*** Provided data ***
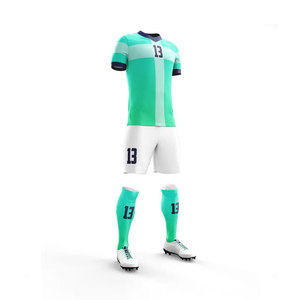 Impression d'uniformes de football Vêtements de football Ensembles de maillots de football 2023 Uniformes de football personnalisés de haute qualité - Product Image 1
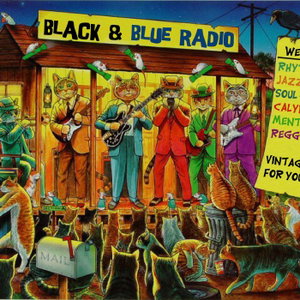 Black & Blue Radio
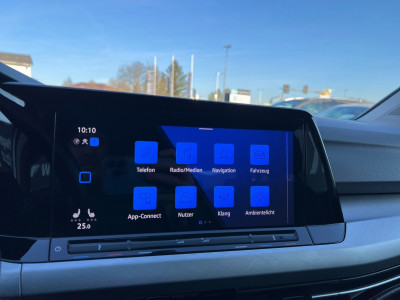 VW Golf Gebrauchtwagen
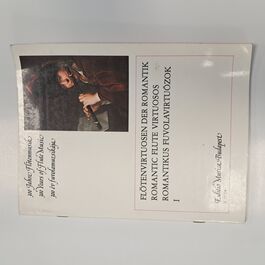 Romantic Flute Virtuosos I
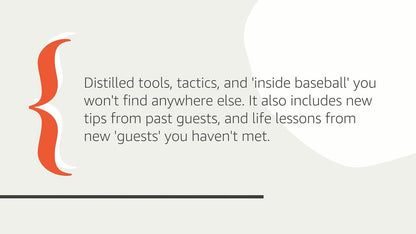 Tools Of Titans: The Tactics, Routines, and Habits of Billionaires, Icons, and World-Class Performers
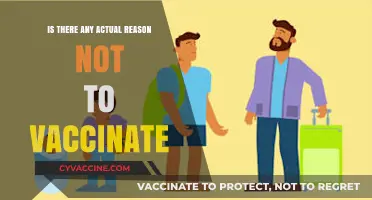 Debunking Myths: Real Reasons Behind Vaccine Hesitancy Explored
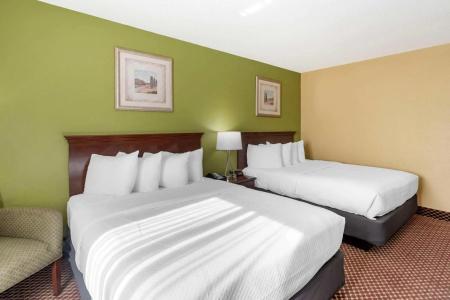 Quality Inn & Suites University Area - 2
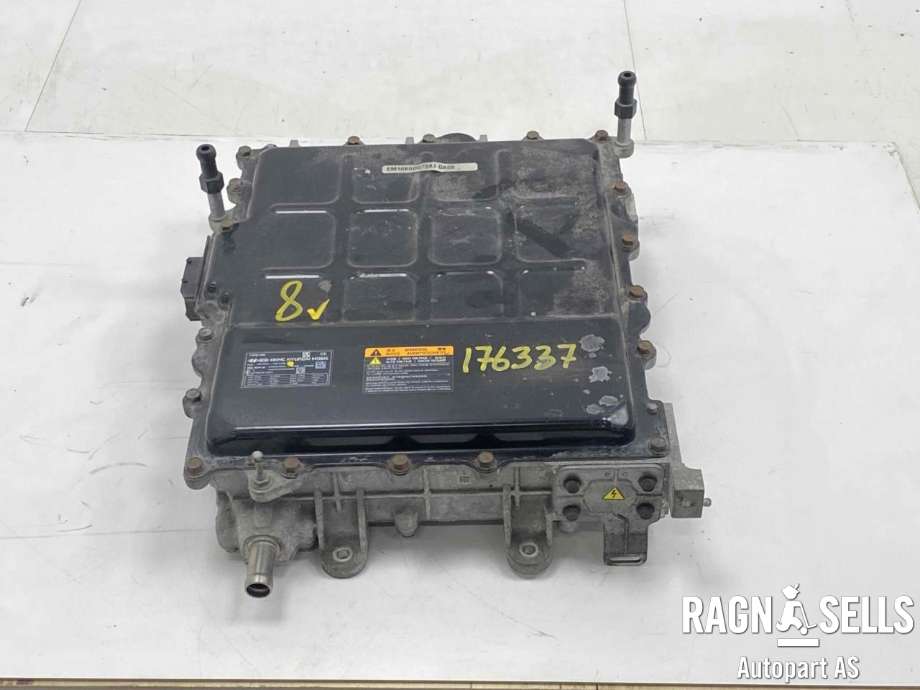 Batterilader (OBC - On Board Charger) til Hyundai Kona, 2017-2021 (Type I, Fase 1)  (364000E170)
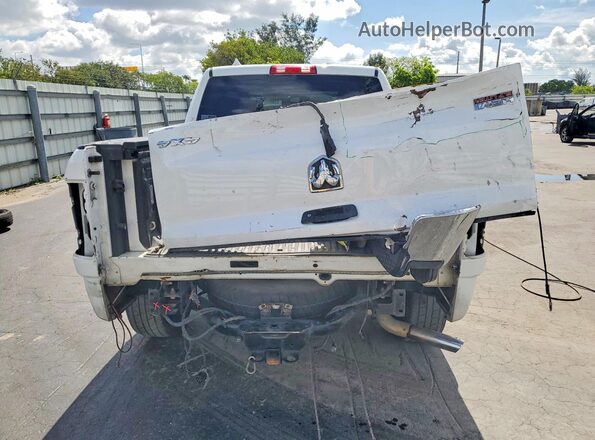 3C6RR7KT9LG130413 2020 RAM 1500 White Widok z tyłu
*** End of Provided data ***
What to work on: What you return must match the material above exactly, apart from its pictures.

Answer box:
 Impression d'uniformes de football Vêtements de football Ensembles de maillots de football 2023 Uniformes de football personnalisés de haute qualité - Product Image 1
 Black & Blue Radio
 VW Golf Gebrauchtwagen
 Romantic Flute Virtuosos I
 Tools Of Titans: The Tactics, Routines, and Habits of Billionaires, Icons, and World-Class Performers
 Debunking Myths: Real Reasons Behind Vaccine Hesitancy Explored
 Quality Inn & Suites University Area - 2
 Batterilader (OBC - On Board Charger) til Hyundai Kona, 2017-2021 (Type I, Fase 1)  (364000E170)
 3C6RR7KT9LG130413 2020 RAM 1500 White Widok z tyłu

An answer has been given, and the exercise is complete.